(Note: This is a cross-post with Seeking for Righteousness. I am joining in the trend of cross-posting, as others have done, as a temporary means of jump-starting the blog.)
Several people have posted online about Utah and generosity. There are posts by David Sundwall, here and here, a post by Nate Oman over here, an update by the very busy Matt Evans (who apparently has time to promote a pro-life organization, assist with an international charity outfit, and still post on blogs) here, and a detailed statistical analysis here. (It seems like most of the Mormons and Mormon-discussers have weighed in, though we still need to get Dave and Taint to opine).
I agree with much of what has been said by others. I especially think that David Sundwall’s recent post is a nice balance of giving Mormons credit for their giving, while also noting valid concerns with attributing too much in the way of mental state to the tax-return chart.

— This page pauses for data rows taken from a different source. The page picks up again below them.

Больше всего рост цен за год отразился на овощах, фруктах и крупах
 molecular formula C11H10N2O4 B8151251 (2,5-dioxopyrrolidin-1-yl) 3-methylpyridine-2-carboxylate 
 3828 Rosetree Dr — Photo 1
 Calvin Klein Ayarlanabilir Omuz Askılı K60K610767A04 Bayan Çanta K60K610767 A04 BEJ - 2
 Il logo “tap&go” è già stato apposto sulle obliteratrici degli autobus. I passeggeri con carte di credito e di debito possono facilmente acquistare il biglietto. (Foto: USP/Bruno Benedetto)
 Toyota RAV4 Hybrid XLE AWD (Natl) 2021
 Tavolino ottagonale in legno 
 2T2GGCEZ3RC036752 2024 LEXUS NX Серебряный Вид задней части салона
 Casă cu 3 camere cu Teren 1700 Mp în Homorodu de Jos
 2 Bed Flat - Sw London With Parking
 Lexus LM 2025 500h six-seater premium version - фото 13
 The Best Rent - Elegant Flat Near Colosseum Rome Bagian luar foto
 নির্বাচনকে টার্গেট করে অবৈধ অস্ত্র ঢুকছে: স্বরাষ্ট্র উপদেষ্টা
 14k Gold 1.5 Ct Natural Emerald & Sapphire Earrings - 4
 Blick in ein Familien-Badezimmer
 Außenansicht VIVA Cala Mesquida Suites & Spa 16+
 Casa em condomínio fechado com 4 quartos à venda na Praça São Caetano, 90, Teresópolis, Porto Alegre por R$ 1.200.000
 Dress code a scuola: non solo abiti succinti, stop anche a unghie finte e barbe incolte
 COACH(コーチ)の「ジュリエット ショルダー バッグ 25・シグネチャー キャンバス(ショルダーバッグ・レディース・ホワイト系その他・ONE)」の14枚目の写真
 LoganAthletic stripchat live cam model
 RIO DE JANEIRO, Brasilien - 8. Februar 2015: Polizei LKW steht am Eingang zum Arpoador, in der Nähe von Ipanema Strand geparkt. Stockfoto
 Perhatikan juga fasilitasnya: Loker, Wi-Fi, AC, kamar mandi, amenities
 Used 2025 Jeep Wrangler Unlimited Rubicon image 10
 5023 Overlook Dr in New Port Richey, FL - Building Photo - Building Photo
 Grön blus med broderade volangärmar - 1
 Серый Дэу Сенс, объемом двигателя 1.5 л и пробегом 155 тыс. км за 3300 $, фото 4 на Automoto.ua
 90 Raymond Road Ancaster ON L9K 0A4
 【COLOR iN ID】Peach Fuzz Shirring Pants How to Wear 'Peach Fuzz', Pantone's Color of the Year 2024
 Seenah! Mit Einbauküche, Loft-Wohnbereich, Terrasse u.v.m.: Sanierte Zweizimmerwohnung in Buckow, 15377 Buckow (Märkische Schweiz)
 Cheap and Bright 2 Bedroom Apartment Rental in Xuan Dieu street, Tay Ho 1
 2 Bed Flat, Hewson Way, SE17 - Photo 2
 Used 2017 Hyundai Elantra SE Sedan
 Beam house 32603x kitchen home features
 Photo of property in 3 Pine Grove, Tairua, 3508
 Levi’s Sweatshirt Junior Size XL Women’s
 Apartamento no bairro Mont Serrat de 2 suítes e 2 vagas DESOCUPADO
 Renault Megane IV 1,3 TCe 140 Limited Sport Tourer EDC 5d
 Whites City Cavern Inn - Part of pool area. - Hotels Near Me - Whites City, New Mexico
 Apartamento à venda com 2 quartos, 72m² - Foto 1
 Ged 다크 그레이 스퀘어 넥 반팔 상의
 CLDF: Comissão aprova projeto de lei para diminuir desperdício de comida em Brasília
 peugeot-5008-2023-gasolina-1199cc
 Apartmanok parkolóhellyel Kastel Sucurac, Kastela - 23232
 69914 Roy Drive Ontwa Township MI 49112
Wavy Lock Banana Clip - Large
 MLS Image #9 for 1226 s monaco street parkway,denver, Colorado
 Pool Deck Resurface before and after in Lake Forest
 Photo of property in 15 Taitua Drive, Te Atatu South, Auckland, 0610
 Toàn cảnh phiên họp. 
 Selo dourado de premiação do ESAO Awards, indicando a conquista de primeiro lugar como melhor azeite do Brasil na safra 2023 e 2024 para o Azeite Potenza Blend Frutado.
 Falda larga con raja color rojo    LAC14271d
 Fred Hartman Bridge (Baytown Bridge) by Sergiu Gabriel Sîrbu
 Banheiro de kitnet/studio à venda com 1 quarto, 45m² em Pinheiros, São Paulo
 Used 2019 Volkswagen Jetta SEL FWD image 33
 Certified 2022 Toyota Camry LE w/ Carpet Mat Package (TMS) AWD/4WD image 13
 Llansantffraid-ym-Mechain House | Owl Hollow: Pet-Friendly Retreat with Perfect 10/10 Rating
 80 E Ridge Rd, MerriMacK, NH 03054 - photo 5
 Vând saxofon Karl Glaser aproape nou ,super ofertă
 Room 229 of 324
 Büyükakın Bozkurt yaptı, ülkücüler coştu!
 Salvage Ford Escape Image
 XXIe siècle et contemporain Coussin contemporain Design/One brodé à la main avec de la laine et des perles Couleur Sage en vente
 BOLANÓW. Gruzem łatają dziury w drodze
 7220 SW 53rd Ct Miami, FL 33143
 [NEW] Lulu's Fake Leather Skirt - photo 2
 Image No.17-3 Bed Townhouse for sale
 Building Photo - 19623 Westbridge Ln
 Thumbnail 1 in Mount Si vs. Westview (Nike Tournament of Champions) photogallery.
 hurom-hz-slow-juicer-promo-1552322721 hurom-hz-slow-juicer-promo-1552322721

Is Tithing Really Confidential?
I wanted to disagree, however, with one characterization made by Matt, Nate, and one of Matt’s commenters. That is the polite fiction that nobody knows who pays how much tithing. I think this is fiction, of the same variety as many other phrases which church members perhaps wish were true, but often are not. (It is along the lines of “All investigators meet the Bishop or local leaders before baptism”, or perhaps “Church basketball games can be a friendly, non-violent way to show a good example to non-members”).
The reality is, first, that church members gossip, and one of the favorite topics is who is or is not keeping up. Members are very sharp-eyed, and will often start chatting immediately if a member stops going to the temple with the ward, or is released from a church calling for no apparent purpose. This is compounded by the fact that church leaders gossip. Not the First Presidency, of course, but gossip is endemic among local leaders.
I cannot count the number of times I have been told private, personal information by a bishopric member or elders’ quorum presidency member, where is appears that the disclosure is for no reason other than to gossip. (As a member of the Elders Quorum presidency, I am often privy to personal information — I mean instances beyond where my calling would suggest I need to know certain facts). There are numerous reasons for this, I am certain — People like to name-drop, they like to show off that they have information, people are not good at keeping secrets. I am certain that I have, at times, engaged in such gossip myself (I don’t remember specific instances, but gossip is like that — and yes, I try not to). Information that I have been told (again, without apparent reason) includes members’ tithepaying status. This has occurred in more than one ward (and I haven’t been in the Elders Quorum presidency in other wards — so there was no possible reason I should be privy to such information).
And, related to their gossip, church members ostracize and form cliques. Because of this reality, I am not convinced that social pressure does not coerce tithepaying. The idea that tithing is between the member and the Lord is certainly how things should be, but I think it is often not how they actually are.